Question

a long capillary tube of radius r is put in contact with surface of a completely wtting liquid of density d and ver low viscosity. what is the range for the height of liquid at any time

Answer 1

The height of the liquid at any time lies in the range

$$\sqrt{\frac{2\gamma}{\rho\,r}}\,t \leq h(t) \leq \frac{2\gamma}{\rho\,g\,r}\,.$$

Answer 2

We start by recalling that when a capillary tube is brought in contact with a completely wetting liquid (contact angle θ = 0), the liquid rises until the capillary (surface‐tension) force is balanced by the weight of the liquid. In the static (equilibrium) case the balance is

$$2\pi r\,\gamma = \rho\,g\;\pi r^2\,h_{\rm eq}\,,$$

so that the equilibrium height is

$$h_{\rm eq}=\frac{2\gamma}{\rho\,g\,r}\,.$$

For a liquid with very low viscosity the rise is not monotonic but is governed by inertia. If we ignore gravity for very early times, the capillary force accelerates the mass of liquid; a scaling analysis yields

$$h(t)\sim \sqrt{\frac{2\gamma}{\rho\,r}}\,t\,.$$

Thus, during the inertial “startup” phase the liquid rises approximately linearly with time according to this relation. However, eventually gravity becomes important and the liquid does not rise indefinitely but rather “overshoots” and oscillates about the equilibrium height.
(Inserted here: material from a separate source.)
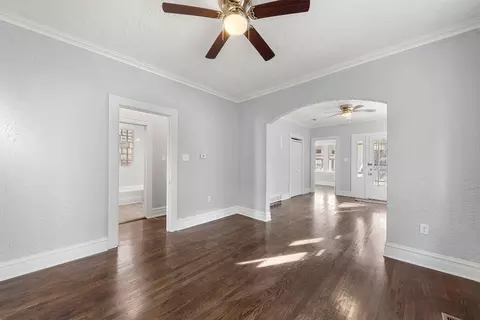 1140 Delaware St, Gary, IN 46407 photo 4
Hence, the liquid height at any time will always lie between its initial inertial rise and the static (Jurin’s) height.

In summary, one acceptable answer is that the liquid height obeys

$$\sqrt{\frac{2\gamma}{\rho\,r}}\,t\quad\text{(inertial limit)} \quad\le h(t)\le \frac{2\gamma}{\rho\,g\,r}\quad\text{(equilibrium)}\,.$$